Rare recounts unlikely to reverse election results, but if they do, Democrats always win

As the recount battle drags on in Florida, data shows such events have been rare since the turn of the century and are unlikely to change the outcome – but if they do, Democrats always win.

A 2016 survey by FairVote, a nonpartisan group focusing on elections, found that out of 4,687 statewide general elections between 2000 and 2015, only 27 races had recounts and just 15 of them were deemed “consequential” as the original victory margins were 0.15 percent or less.

Even rarer than recounts are actual result reversals. Just three recounts led to such an occurrence, or one out every 1,562 statewide elections.

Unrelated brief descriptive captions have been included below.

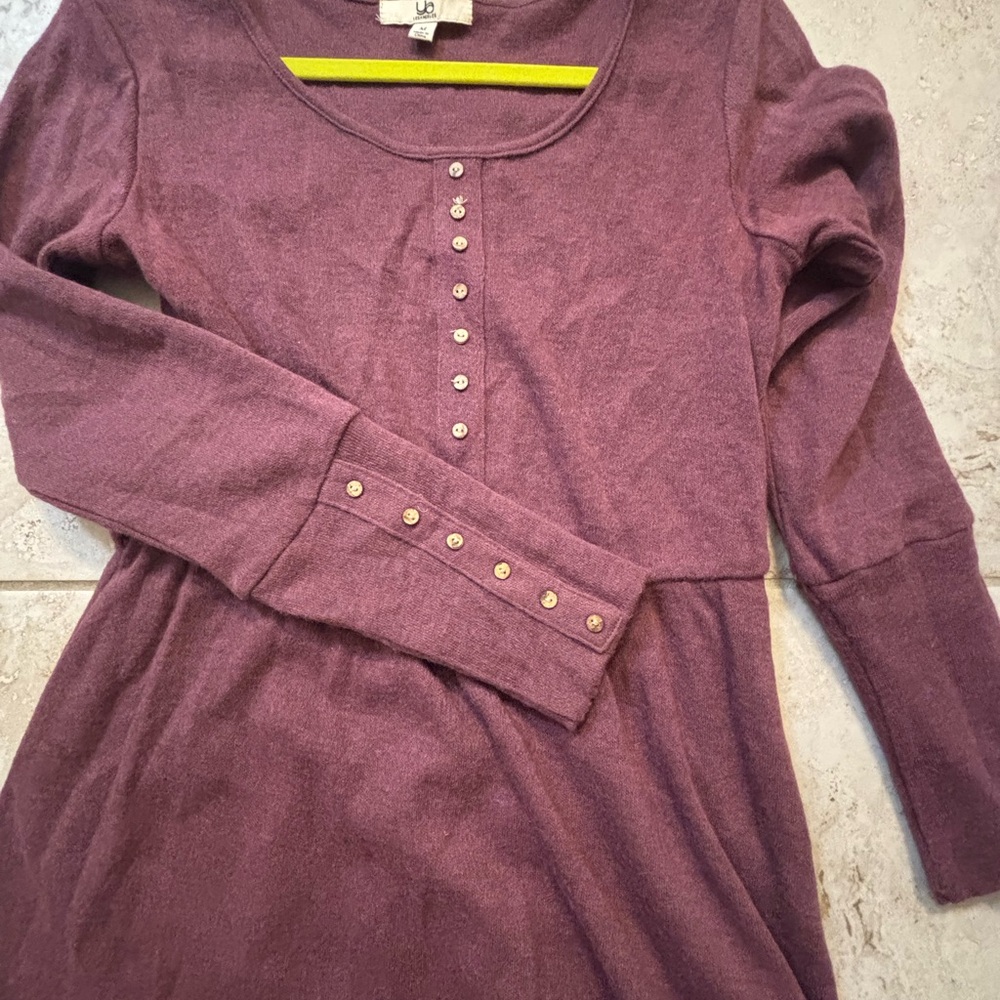 Ya Los Angeles Long Sleeve Button-Detail Knit Dress in Plum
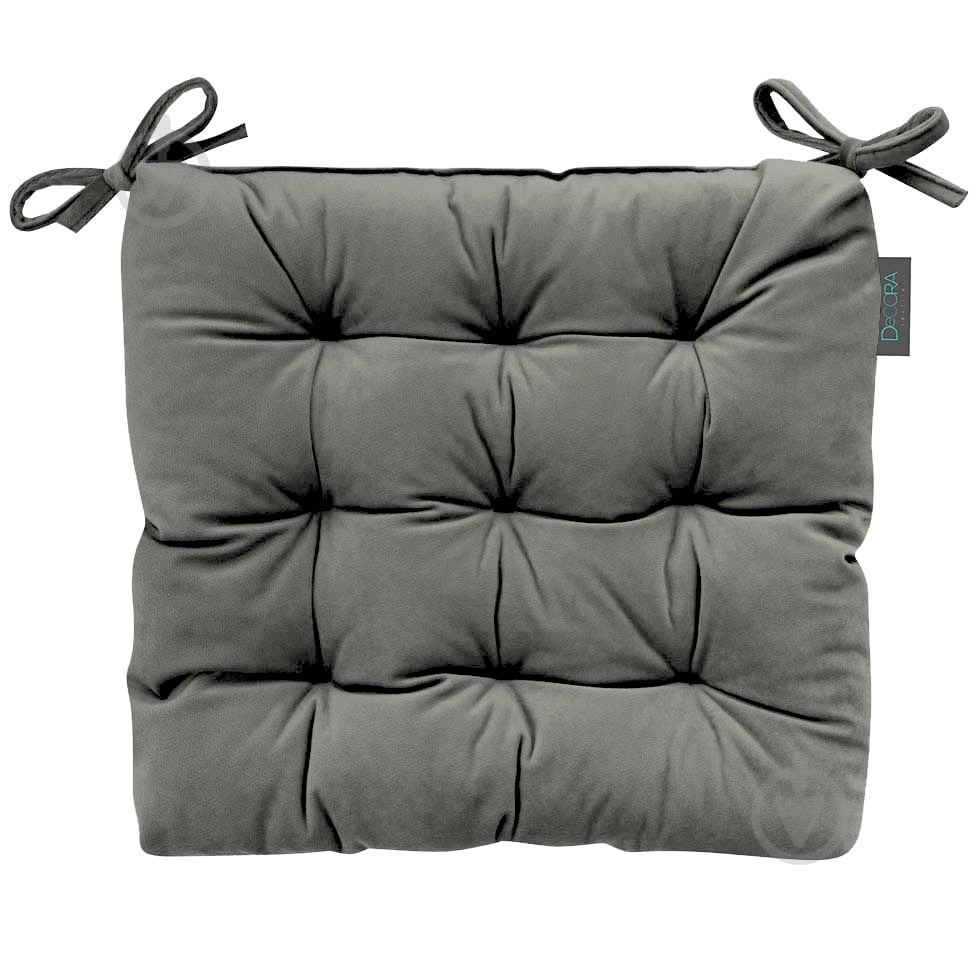 Подушка на стул VELOUR серая DECORA - фото 1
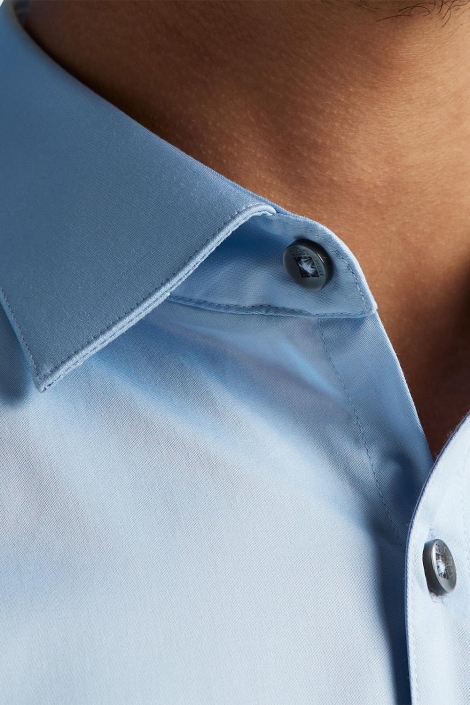 Cast Iron blauwe heren overhemd | Close up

The three reversals include the 2008 U.S. Senate race in Minnesota in which Democrat Al Franken defeated Republican Norm Coleman; the 2006 auditor's race in Vermont, and the 2004 governor's race in Washington.

In all three cases, Democrats initially lost the elections, eventually came out on top following the recount.

The three result reversals include the 2008 U.S. Senate race in Minnesota in which Democrat Al Franken defeated Republican Norm Coleman; the 2006 auditor's race in Vermont, and the 2004 governor's race in Washington. In all three cases, Democrats initially lost the elections, but following the recount they came out on top.

Marc Elias, from Seattle-based law firm Perkins Coie who was behind the salacious anti-Trump dossier and is currently leading recount efforts on behalf of the Democrats, was part of legal teams that reversed the results in two of those races.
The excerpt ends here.